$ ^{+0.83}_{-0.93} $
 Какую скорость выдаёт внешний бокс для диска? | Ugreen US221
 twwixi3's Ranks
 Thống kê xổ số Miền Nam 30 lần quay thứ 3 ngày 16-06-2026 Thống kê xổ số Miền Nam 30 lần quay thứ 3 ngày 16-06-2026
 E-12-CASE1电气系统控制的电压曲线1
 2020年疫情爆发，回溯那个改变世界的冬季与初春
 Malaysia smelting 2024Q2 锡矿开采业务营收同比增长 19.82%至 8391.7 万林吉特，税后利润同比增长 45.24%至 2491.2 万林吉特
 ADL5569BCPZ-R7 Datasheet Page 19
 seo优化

# Problem:
Reproduce nothing but the lines from the line containing "twwixi3's Ranks" to the last line of the data, each exactly as written.

# Result of this exercise:
 twwixi3's Ranks
 Thống kê xổ số Miền Nam 30 lần quay thứ 3 ngày 16-06-2026 Thống kê xổ số Miền Nam 30 lần quay thứ 3 ngày 16-06-2026
 E-12-CASE1电气系统控制的电压曲线1
 2020年疫情爆发，回溯那个改变世界的冬季与初春
 Malaysia smelting 2024Q2 锡矿开采业务营收同比增长 19.82%至 8391.7 万林吉特，税后利润同比增长 45.24%至 2491.2 万林吉特
 ADL5569BCPZ-R7 Datasheet Page 19
 seo优化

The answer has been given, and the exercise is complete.